§ **GIVEN INFORMATION**
________

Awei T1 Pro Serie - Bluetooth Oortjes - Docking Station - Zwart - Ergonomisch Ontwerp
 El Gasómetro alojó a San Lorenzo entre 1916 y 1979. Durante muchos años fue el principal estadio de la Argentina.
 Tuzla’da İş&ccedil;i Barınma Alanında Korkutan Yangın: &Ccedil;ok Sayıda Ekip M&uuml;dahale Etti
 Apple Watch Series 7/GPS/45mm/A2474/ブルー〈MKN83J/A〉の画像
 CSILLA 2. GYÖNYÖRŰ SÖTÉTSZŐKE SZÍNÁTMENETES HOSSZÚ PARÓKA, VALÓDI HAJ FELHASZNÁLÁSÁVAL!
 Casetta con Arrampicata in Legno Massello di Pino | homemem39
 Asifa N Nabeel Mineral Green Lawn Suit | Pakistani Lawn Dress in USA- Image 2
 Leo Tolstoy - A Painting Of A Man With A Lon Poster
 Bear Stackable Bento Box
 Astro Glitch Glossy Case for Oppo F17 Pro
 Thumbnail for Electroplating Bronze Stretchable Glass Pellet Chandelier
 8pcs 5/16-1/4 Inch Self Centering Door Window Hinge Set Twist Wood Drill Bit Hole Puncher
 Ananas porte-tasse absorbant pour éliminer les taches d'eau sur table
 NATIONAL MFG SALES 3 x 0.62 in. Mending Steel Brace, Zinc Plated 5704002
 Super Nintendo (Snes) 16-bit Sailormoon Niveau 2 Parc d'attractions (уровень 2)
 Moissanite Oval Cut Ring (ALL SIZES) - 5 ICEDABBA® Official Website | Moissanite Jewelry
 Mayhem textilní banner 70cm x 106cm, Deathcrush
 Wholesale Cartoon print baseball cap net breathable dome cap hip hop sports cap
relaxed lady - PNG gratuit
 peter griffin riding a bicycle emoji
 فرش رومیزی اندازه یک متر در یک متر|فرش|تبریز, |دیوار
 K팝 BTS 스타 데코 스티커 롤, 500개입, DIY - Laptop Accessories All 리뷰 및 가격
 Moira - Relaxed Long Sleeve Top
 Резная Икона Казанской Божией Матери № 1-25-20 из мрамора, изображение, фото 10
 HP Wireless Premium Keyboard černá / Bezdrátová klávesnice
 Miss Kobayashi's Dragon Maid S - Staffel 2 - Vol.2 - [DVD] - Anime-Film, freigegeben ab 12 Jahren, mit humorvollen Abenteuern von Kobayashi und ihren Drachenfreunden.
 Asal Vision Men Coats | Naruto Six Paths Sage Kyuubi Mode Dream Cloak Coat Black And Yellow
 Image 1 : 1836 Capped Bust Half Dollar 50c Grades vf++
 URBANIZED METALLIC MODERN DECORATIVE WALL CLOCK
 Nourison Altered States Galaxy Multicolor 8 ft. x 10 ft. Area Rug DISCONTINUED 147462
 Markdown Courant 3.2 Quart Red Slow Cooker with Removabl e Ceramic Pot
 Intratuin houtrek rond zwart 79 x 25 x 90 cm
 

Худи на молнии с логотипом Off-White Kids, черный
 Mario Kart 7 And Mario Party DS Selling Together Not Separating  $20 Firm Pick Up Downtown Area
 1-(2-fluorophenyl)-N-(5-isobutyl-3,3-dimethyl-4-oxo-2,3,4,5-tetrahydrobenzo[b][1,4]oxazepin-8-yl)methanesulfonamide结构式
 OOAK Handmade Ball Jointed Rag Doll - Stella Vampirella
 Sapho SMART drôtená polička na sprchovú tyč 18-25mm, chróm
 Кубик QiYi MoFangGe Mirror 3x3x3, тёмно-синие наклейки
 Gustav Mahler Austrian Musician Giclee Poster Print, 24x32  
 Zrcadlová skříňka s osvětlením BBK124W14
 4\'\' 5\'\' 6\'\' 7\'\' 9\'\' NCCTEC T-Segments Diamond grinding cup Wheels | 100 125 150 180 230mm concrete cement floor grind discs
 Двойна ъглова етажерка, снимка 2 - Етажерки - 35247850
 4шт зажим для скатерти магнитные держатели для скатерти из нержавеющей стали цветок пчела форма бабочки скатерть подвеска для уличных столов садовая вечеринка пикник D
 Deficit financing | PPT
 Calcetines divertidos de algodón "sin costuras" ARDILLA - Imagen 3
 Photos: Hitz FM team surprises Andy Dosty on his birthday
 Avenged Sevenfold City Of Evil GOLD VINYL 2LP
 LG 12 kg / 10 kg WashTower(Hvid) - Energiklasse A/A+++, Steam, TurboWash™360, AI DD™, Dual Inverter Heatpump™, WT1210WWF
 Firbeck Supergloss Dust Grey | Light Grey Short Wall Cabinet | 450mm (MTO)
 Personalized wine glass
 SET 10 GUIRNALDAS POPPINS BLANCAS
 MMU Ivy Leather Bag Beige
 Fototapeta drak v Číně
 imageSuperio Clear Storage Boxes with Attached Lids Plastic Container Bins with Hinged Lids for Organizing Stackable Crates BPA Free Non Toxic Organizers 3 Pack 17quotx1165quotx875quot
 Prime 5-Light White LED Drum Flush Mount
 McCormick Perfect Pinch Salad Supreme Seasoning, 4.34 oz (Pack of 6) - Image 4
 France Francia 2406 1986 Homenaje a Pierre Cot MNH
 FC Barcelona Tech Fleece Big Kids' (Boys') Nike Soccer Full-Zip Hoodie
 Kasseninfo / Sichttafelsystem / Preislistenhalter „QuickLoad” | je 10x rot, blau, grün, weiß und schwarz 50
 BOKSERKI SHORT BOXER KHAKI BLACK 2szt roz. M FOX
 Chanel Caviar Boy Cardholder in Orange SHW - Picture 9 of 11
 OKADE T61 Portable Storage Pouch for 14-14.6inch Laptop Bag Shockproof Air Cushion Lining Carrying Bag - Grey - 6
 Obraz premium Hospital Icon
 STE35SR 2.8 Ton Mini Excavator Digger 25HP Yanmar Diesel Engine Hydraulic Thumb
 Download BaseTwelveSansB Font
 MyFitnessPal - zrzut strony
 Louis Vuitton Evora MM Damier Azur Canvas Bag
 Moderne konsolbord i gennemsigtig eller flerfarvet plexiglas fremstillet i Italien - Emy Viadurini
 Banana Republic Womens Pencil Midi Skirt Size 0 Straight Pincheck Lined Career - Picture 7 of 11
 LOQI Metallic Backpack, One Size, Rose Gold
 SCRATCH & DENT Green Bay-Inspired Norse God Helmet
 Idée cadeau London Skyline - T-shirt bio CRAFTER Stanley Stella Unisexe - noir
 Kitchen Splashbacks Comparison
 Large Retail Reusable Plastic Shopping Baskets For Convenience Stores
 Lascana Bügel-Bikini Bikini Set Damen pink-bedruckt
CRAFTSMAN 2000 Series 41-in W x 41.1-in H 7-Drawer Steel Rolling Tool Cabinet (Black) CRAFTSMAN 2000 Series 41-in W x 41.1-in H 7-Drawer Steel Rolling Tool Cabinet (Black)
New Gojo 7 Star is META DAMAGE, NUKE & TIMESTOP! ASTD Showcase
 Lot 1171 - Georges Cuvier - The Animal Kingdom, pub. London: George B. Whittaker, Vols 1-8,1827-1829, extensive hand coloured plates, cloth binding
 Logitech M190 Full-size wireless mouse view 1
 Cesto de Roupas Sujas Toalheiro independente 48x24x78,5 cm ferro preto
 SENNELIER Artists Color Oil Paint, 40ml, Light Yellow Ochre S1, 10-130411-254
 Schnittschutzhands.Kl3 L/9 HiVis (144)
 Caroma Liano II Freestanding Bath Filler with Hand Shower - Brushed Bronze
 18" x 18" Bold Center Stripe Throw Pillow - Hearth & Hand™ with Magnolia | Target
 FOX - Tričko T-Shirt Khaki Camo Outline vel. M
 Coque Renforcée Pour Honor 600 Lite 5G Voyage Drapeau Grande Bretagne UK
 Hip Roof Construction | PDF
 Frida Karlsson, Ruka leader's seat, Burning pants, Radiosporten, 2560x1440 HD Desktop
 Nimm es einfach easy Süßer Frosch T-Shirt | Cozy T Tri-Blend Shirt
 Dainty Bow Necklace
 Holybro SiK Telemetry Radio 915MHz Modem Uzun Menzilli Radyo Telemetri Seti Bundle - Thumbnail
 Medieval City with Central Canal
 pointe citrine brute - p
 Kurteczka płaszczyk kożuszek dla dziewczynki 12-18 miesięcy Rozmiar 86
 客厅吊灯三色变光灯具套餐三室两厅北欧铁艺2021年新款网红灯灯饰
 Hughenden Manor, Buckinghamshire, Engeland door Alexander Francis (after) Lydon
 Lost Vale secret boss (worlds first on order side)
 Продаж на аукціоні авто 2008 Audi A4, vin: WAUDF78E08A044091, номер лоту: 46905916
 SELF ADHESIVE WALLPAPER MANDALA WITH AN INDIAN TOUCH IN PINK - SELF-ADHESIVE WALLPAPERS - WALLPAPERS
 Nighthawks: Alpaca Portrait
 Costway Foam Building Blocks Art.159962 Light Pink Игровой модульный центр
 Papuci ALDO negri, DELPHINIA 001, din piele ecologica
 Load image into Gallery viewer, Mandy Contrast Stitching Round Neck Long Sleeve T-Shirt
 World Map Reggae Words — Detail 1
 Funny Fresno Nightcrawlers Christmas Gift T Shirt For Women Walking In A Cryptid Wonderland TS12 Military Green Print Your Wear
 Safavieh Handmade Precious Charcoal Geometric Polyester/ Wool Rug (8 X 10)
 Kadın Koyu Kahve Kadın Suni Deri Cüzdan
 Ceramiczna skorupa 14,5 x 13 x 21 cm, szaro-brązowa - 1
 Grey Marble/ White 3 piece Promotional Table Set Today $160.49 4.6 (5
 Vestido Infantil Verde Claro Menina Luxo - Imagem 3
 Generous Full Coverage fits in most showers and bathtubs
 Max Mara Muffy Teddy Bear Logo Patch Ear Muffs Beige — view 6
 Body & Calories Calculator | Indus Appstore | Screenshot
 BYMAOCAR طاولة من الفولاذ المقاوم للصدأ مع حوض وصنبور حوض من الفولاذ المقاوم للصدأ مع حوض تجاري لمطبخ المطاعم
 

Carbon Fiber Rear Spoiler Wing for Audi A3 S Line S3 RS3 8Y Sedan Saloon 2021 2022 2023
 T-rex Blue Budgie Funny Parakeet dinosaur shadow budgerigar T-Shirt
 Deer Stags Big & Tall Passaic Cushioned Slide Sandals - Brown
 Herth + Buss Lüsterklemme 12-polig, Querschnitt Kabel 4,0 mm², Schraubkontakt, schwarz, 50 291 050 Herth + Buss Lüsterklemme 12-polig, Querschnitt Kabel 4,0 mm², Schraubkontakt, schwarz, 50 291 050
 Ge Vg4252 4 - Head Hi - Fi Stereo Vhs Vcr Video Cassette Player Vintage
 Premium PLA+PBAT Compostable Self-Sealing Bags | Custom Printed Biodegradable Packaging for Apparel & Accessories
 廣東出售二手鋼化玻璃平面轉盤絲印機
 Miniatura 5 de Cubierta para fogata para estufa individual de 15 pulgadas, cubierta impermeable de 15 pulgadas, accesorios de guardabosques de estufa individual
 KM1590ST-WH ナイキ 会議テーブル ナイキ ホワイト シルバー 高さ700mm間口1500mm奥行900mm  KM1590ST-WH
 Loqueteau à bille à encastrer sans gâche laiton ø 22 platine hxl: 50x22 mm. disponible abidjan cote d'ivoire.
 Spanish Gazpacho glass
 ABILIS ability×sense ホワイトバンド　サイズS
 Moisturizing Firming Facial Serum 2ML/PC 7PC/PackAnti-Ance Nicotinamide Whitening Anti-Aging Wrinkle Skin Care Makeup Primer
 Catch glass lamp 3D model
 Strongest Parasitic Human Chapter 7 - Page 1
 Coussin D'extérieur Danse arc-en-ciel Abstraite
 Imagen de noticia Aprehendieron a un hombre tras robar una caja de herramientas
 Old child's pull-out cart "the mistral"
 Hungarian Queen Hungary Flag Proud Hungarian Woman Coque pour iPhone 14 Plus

________

§ **WHAT IS EXPECTED**
In the listing above, find the line containing "relaxed lady - PNG gratuit" and the line containing "HP Wireless Premium", then retype both and every line between them exactly, with nothing else.

§ **EXERCISE SOLUTION**
relaxed lady - PNG gratuit
 peter griffin riding a bicycle emoji
 فرش رومیزی اندازه یک متر در یک متر|فرش|تبریز, |دیوار
 K팝 BTS 스타 데코 스티커 롤, 500개입, DIY - Laptop Accessories All 리뷰 및 가격
 Moira - Relaxed Long Sleeve Top
 Резная Икона Казанской Божией Матери № 1-25-20 из мрамора, изображение, фото 10
 HP Wireless Premium Keyboard černá / Bezdrátová klávesnice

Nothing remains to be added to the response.